Alex Martelli alex at magenta.com
Fri Jul 28 09:46:38 EDT 2000


"Steve Lamb" <grey at despair.rpglink.com> wrote in message
news:slrn8o24mr.e7.grey at teleute.rpglink.com...
    [snip]
> >Firstly, it's unnecessary.  If I have a single value in X, and I want to
> >make it a single-element list, there's a way to do that:
>
>     Really?
>
> >>>> some_variable = [X]
>
>     Seems counter intuative, doesn't it,

Doesn't seem counter-intuitive at all to me.  [x] makes a
single-element list, whatever x refers to is that single element.

> list() could take that single value
> and make it a single item in a list.  I mean, c'mon, why have list when
you
> could just construct a for loop to use an append method?

list is more compact and more efficient than an append loop. list(x) is
just as compact and effective as [x], but they do different things.


> >Secondly, it's counterintuitive.  You say "all of those can be converted
> >into lists"; I look at 1 and think, "what is the list equivalent of an
> >integer?"
>
>     That is because you're thinking in terms of types and not just data.
It
> is a single element, nothing more.

Consider 123 and "123".  How many elements is/are each of them?

Remember, you have repeatedly stated your desire for them to be
treated the same way -- you DO remember that, right?  Drawing any
distinction between them needs that type concept which you so
deplore, you want to have "just data".  So?

list("123") return ["1", "2", "3"].  A string IS a sequence (whose single
elements are 1-character-strings), so list() happily does its thing.  If
I want a list with a single element in it, i use ["123"], of course, *NOT*
list("123")!

What do you think list(123) should return?  Or list(-1)?  Are these
single elements, or are they equivalent to "123" (three elements)
and "-1" (two elements) respectively?  What about list(+1)...?-)

And why ever should, as you've asked for elsewhere, list(None)
return an empty list rather than the list with the single element
None?  I can't see any rhyme or reason to the sum total of your
expressed desiderata.


>     Ah, but getting back to that point I said to remember.
>
> foo = "a"
> foo = list(foo)
>
>     foo is not ['a'].  It took a single element and made it a list.  So we
now

No, it took a one-element sequence (a string) and made it a one-element
list.  That IS exactly list()'s job.  A string IS a sequence.  ANY string IS
a
sequence.  Just like any list is a sequence, any tuple is a sequence, any
object is a sequence if it defines __getitem__ (and possibly __length__).

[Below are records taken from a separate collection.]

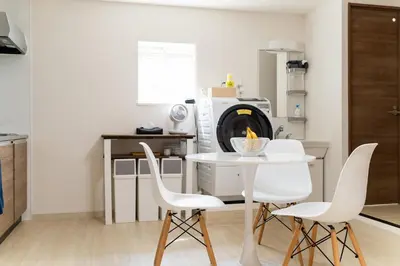 a kitchen with a white table and white chairs at Private Apartment HOTEL Ceres Kamiikebukuro 401 in Tokyo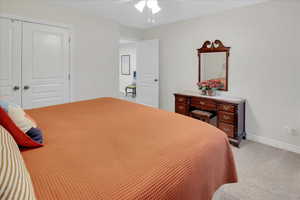 Bedroom featuring carpet floors, a closet, and ceiling fan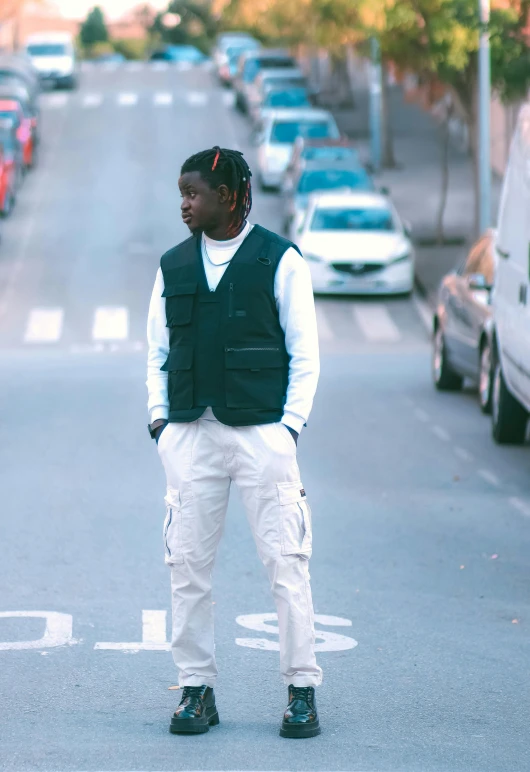 man wearing a black vest standing in street next to parked cars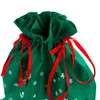 A close-up view of the top of a green drawstring gift bag with a white snowflake and star pattern, tied with red ribbons. Produktbild-Vorschau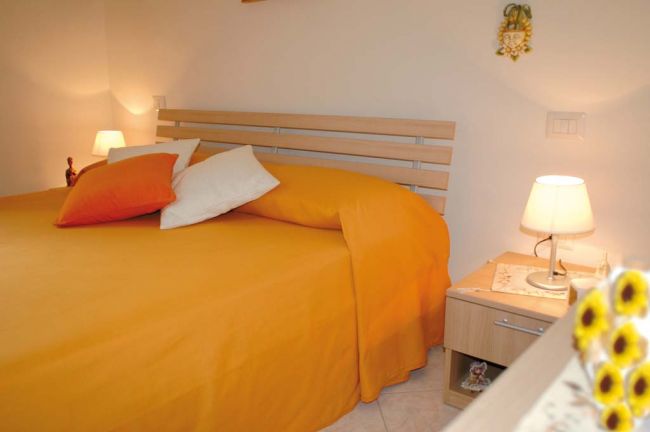 Un letto matrimoniale con copriletto arancione e cuscini su un comodino con lampada.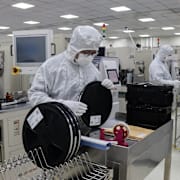 Kinesisk chipfabrik. Illustrationsbild.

> know that a single element has a sequence.  Here is another sequence of a
> single element.
>
> foo = 1
> foo = list(foo)
>
>     Error.  Single element sequence.  Remember, any sequence can either be
a
> single value or a sequence.  Yet here we have a single value denied.
Quirks
> abound.

I can see no quirk whatsoever in this behaviour.  Maybe what is confusing
you is exactly the simplification which both you and I approved recently: a
string is a sequence *whose elements are themselves strings* (strings of
one element each).  This is a mathematical anomaly -- Frege and others
tried to found mathematics on such a basis (sets whose elements are sets,
etc) and it just crumbled all around them.  But, fortunately, we can afford
to
be pragmatical here, relying on the homomorphisms between the set of
characters and the set of one-character strings -- they ARE finite sets,
after
all, so no real paradox can be hidden therein:-) -- as long as we DO know
it's just a pragmatical "mental short-hand" to avoid the need for yet
another
separate type, that of characters, for which there is really no practical
call.
But don't let that confuse into claiming that 'a' is "a single element" --
it's
really a 1-element sequence, just as ['a'], ('a'), etc.